Positive effects include improving the quality of information politicians and civil services use to make decisions in line with the electorate and improving understanding of how public policy can be used to solve inherently complicated problems with public policy.
In autocratic systems, AI might seem like a tool for creating more detailed and accurate representations of political beliefs than democratic elections do. But the biases embedded into algorithms could have the effect of concealing disagreement from decision makers and reinforcing their own beliefs about the world to the point where they find themselves in an ”AI-fuelled spiral of delusion” as Farrell, Newman and Wallace write.
It is unclear which of AI’s positive and negative effects on governance systems will become the most important effects, and it is unclear what it will mean for systems as a whole once all the positive and negative impacts are added up. What is certain is that AI will change fundamental characteristics of governance systems.
Jobs
Research from OpenAI and others estimates that nearly 50% of all US jobs could have half their functions performed by AI; McKinsey found 50% of global work activities are technically automatable with current technologies. Professor Diane Coyle argues that economists mostly agree that historically, the companies that have utilised automation increased job numbers and paid higher wages. Automation had the effect of changing where humans were needed from blue collar jobs to white collar jobs, it did not replace humans.
What makes AI different is that it is taking the white-collar jobs as well as increasing the range of blue-collar jobs that can be automated, or made easier which reduces wages. The thing that protected human labour was that we could always think better than machines. That will soon no longer be the case.
But AI and advanced technologies also create jobs. Labour markets tend to adapt to new technologies over time preventing mass unemployment. The key impact of AI on work is likely to be that workers will need to transition into different kinds of jobs, rather than transitioning out of jobs, but this will vary heavily across sectors. The overall effect could be on the scale of the shift out of agricultural jobs in the early 1900s.
McKinsey estimate that between 400 million and 800 million people could be ”displaced by automation and need to find new jobs by 2030”, and that 75 million to 375 million people may need to ”switch occupational categories and learn new skills”. This will be destabilising and could have significant political implications if governments do not heavily invest in protecting workers’ rights and re-skilling to smooth the transition into different types of work.
AI will change geopolitics, governance and work. If AI is not governed effectively, the century or catastrophe and change could become the century of catastrophe and catastrophe. Once a claim of the most sceptical, now a line in Ursula von der Leyen’s State of the Union speech on Wednesday 13th September 2023: ”mitigating the risk of extinction from AI should be a global priority alongside other societal risks such as pandemics and nuclear war”.
What does it mean to live in the century of catastrophe and change?
Hundreds of millions will die early, quality of life for billions will not be good, some things will radically improve, some things will radically change with neutral effect, some things will radically worsen, not much will stay the same.
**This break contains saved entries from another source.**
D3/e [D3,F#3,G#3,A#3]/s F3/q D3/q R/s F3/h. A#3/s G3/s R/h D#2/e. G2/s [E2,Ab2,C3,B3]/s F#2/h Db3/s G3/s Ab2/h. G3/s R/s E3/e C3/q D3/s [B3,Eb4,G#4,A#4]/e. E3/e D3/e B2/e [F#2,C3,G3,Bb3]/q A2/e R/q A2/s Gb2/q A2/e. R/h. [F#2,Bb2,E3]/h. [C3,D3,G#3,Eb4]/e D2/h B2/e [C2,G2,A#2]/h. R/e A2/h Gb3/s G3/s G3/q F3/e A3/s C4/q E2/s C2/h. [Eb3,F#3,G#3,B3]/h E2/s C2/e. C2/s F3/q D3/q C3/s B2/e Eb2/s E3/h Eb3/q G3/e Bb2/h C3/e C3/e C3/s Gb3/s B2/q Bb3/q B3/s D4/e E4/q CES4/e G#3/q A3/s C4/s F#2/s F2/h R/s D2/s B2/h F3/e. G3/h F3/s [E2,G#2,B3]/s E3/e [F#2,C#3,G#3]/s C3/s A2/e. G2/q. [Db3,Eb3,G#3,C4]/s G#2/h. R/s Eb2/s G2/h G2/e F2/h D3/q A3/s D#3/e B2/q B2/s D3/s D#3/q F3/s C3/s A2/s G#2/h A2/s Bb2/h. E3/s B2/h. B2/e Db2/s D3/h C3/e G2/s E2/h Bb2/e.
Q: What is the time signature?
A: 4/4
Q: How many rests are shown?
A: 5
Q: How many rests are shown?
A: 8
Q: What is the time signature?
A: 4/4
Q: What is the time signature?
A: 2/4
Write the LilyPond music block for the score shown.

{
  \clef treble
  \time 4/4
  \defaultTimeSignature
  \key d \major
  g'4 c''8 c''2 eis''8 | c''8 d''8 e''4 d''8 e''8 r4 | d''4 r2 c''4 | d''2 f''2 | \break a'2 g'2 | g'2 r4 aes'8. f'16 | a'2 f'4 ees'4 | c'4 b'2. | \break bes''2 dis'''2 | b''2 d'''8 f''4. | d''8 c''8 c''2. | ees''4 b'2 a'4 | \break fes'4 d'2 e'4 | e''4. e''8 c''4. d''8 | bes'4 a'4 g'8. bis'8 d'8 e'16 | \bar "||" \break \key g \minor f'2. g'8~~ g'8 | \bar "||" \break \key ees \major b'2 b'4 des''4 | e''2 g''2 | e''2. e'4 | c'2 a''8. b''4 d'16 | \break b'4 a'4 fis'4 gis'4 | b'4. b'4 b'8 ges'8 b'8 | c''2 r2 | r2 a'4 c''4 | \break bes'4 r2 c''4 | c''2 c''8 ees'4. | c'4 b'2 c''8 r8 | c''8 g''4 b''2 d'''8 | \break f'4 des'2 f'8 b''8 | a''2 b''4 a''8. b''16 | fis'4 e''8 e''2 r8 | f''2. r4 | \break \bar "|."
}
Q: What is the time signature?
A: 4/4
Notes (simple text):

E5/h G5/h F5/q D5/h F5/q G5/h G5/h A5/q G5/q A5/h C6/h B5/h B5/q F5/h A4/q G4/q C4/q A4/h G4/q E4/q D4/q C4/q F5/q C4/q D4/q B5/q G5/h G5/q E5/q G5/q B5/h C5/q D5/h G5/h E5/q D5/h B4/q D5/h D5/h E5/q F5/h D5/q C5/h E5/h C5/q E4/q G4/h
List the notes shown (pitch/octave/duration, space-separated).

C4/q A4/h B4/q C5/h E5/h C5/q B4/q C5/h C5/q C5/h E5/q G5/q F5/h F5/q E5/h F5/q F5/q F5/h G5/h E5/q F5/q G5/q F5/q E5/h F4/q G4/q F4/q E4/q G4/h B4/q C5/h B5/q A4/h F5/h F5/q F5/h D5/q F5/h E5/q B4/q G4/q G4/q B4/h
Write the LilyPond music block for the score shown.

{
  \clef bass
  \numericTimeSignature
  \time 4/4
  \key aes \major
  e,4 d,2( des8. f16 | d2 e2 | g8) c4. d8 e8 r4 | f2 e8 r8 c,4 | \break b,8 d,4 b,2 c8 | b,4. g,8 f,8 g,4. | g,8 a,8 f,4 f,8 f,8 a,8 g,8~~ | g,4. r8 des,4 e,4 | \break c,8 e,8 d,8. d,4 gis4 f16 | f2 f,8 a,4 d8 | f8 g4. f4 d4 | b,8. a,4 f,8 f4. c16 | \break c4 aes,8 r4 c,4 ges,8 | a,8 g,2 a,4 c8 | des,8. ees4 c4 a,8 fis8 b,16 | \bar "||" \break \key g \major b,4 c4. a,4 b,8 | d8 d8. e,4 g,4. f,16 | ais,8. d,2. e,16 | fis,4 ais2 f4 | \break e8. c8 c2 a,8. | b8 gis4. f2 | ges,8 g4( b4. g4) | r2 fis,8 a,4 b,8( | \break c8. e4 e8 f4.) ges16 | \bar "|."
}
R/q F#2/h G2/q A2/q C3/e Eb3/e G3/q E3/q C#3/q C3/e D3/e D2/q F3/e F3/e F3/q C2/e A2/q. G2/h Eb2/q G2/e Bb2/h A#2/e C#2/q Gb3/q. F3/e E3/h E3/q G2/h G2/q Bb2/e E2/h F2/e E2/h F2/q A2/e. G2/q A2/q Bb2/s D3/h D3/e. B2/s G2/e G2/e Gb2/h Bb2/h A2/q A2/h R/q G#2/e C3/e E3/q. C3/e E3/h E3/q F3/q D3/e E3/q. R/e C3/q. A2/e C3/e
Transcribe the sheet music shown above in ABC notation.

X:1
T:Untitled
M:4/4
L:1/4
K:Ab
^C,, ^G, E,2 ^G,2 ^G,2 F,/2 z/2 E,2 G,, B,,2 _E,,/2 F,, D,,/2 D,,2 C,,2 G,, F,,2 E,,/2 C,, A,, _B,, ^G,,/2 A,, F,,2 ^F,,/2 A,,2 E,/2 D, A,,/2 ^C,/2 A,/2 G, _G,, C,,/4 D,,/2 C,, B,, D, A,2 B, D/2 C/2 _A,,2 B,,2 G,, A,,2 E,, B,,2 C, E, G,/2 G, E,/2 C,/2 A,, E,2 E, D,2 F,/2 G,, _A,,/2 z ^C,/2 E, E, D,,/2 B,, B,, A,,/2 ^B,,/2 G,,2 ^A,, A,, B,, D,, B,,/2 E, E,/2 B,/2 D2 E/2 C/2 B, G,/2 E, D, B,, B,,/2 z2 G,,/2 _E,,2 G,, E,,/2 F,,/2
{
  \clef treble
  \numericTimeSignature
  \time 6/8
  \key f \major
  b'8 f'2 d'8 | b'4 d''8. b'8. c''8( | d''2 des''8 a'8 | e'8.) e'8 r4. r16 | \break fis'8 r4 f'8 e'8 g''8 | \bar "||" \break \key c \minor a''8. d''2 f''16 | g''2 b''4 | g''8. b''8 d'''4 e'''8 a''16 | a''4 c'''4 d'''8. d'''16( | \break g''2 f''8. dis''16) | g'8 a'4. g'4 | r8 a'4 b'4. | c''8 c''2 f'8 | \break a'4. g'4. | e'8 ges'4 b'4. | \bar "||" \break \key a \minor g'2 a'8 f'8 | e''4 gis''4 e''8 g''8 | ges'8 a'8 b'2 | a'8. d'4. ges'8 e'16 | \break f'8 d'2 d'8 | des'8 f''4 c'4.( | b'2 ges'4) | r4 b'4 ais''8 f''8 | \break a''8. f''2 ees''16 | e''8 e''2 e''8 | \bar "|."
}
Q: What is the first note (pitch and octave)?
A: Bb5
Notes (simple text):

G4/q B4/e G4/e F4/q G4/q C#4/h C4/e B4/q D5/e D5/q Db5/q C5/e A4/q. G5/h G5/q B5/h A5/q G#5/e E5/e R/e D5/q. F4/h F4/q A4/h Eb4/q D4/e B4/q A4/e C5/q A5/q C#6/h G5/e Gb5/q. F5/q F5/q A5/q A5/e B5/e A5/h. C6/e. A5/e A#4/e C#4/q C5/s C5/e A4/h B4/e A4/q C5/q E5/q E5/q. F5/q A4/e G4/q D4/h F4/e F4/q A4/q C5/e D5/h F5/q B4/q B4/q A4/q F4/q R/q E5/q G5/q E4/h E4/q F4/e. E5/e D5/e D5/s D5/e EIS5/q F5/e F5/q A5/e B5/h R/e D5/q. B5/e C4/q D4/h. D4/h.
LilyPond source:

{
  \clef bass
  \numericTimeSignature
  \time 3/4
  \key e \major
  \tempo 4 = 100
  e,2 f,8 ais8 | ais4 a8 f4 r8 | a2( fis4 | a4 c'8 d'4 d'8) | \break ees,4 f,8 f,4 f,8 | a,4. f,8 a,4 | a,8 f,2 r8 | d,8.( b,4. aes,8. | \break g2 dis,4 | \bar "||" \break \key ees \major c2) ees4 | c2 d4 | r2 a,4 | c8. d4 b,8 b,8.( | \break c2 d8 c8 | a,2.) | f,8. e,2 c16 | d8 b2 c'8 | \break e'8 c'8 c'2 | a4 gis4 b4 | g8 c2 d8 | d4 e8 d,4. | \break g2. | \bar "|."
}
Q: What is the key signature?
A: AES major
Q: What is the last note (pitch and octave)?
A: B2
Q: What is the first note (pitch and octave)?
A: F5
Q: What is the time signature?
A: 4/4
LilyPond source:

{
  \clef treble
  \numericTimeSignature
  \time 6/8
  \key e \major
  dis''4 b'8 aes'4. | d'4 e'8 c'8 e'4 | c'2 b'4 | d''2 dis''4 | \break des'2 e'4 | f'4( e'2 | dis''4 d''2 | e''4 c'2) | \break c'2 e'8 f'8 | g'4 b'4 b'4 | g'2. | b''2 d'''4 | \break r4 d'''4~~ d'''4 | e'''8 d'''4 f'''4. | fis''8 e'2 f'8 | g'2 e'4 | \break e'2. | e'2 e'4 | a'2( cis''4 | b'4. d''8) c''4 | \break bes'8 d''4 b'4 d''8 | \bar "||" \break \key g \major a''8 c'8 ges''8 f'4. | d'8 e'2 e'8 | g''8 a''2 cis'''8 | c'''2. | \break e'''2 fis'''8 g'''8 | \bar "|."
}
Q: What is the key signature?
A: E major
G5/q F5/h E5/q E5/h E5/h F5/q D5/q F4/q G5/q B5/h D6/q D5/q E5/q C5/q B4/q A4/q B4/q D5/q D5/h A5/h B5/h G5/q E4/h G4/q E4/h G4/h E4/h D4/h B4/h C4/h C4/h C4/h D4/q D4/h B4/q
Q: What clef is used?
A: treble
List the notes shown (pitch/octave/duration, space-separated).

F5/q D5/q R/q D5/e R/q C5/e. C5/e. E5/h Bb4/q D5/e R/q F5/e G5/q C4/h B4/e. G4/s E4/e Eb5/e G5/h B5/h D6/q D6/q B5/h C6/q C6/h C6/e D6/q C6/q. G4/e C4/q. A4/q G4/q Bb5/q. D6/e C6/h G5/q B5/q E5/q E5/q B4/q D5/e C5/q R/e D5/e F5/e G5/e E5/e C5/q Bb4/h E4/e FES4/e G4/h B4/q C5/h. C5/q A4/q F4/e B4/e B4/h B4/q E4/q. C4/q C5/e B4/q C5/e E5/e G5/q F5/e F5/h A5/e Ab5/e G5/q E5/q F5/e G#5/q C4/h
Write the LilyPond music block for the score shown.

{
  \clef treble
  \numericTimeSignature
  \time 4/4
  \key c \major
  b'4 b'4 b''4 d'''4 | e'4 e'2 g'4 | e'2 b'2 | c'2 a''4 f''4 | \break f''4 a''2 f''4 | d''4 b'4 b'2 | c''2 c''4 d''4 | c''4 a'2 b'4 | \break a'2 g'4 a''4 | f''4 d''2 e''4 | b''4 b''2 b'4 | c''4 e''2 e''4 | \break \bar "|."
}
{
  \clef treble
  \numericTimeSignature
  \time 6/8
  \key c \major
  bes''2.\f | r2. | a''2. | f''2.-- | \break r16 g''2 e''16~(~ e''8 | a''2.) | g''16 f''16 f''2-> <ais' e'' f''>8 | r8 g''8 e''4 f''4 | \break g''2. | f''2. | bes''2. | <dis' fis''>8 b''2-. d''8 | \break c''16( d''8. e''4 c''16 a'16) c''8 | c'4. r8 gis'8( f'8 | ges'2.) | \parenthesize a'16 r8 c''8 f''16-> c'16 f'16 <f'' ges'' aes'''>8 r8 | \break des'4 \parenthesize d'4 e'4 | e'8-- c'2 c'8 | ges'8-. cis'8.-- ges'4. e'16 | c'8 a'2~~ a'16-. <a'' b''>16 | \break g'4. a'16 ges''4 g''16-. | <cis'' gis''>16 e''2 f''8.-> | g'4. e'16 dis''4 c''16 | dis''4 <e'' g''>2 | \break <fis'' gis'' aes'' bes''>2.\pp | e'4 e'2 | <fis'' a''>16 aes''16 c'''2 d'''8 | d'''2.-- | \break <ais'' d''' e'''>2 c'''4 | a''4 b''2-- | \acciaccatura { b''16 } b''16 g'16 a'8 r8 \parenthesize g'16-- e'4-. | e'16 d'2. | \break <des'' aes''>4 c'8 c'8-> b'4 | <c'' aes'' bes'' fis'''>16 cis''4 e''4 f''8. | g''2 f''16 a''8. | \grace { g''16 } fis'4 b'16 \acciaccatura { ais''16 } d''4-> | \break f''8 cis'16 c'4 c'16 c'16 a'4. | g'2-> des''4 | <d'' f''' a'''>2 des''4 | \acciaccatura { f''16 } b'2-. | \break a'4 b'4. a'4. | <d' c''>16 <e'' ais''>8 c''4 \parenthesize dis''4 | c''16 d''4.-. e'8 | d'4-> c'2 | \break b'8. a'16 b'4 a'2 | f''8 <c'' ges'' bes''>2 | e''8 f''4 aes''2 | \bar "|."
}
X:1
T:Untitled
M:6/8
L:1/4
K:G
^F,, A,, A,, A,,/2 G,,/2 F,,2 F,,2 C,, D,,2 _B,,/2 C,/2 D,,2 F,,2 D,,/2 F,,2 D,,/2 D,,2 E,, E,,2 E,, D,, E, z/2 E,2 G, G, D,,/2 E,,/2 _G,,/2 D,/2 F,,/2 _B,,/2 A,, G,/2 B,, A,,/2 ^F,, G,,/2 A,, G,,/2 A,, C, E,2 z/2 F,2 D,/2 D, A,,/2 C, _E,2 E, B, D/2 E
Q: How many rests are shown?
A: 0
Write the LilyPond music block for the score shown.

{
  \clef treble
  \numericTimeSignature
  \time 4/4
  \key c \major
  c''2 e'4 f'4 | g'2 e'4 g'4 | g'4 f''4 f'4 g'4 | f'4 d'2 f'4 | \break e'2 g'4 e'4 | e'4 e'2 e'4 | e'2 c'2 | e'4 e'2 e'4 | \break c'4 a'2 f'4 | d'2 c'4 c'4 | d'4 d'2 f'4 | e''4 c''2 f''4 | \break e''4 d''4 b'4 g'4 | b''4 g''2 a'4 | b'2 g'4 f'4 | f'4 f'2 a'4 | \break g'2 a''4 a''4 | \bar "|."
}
There is a chance that if, by 2100, we succeed in transforming the bedrock of our world from fossil fuels to renewable energy, planting millions of trees, reconfiguring our transportation systems and food systems, reducing our consumption and governing AI effectively so we reap its benefits while avoiding its most negative potential impacts, the world might be in a place to make 2100 the century of health and prosperity.
But to make it to 2100 in reasonable enough shape for that scenario to be even a remote possibility, we first need to deal with this century of catastrophe and change.
That is as demanding a task as humanity has ever faced.